PROBLEM:
For the listing below, return the line containing "psicología y lógica", the line containing "4. En 1919 contrajo", and all lines in between, exactly as written and nothing else.

DATA SECTION:
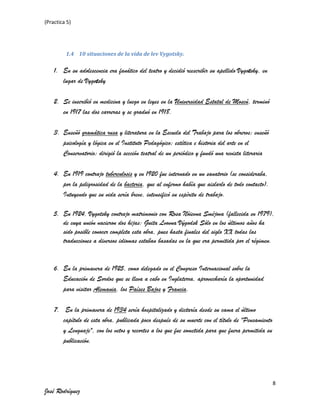 (Practica 5)

1.4 10 situaciones de la vida de lev Vygotsky.

1. En su adolescencia era fanático del teatro y decidió reescribir su apellido Vygotsky, en
lugar de Vygotsky
2. Se inscribió en medicina y luego en leyes en la Universidad Estatal de Moscú, terminó
en 1917 las dos carreras y se graduó en 1918.
3. Enseñó gramática rusa y literatura en la Escuela del Trabajo para los obreros; enseñó
psicología y lógica en el Instituto Pedagógico; estética e historia del arte en el
Conservatorio; dirigió la sección teatral de un periódico y fundó una revista literaria
4. En 1919 contrajo tuberculosis y en 1920 fue internado en un sanatorio (se consideraba,
por la peligrosidad de la bacteria, que al enfermo había que aislarlo de todo contacto).
Intuyendo que su vida sería breve, intensificó su espíritu de trabajo.
5. En 1924, Vygotsky contrajo matrimonio con Rosa Nóievna Sméjova (fallecida en 1979),
de cuya unión nacieron dos hijas: Guita Lvovna Výgodsk Sólo en los últimos años ha
sido posible conocer completa esta obra, pues hasta finales del siglo XX todas las
traducciones a diversos idiomas estaban basadas en la que era permitida por el régimen.

6. En la primavera de 1925, como delegado en el Congreso Internacional sobre la
Educación de Sordos que se lleva a cabo en Inglaterra, aprovecharía la oportunidad
para visitar Alemania, los Países Bajos y Francia.
7. En la primavera de 1934 sería hospitalizado y dictaría desde su cama el último
capítulo de esta obra, publicada poco después de su muerte con el título de "Pensamiento
y Lenguaje", con los vetos y recortes a los que fue sometida para que fuera permitida su
publicación.

8

José Rodríguez

 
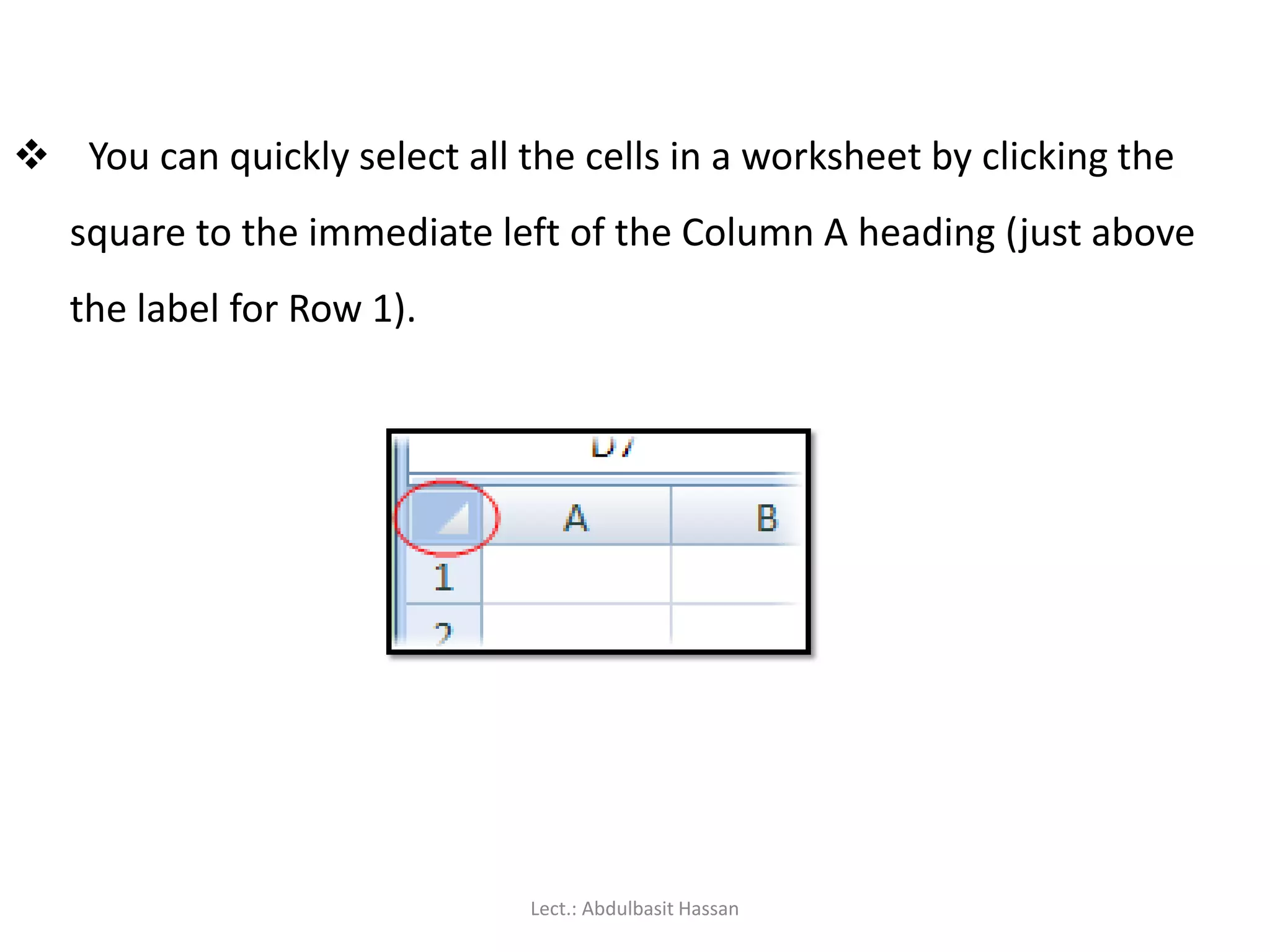  You can quickly select all the cells in a worksheet by clicking the
square to the immediate left of the Column A heading (just above
the label for Row 1).
Lect.: Abdulbasit Hassan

ANSWER AREA:
psicología y lógica en el Instituto Pedagógico; estética e historia del arte en el
Conservatorio; dirigió la sección teatral de un periódico y fundó una revista literaria
4. En 1919 contrajo tuberculosis y en 1920 fue internado en un sanatorio (se consideraba,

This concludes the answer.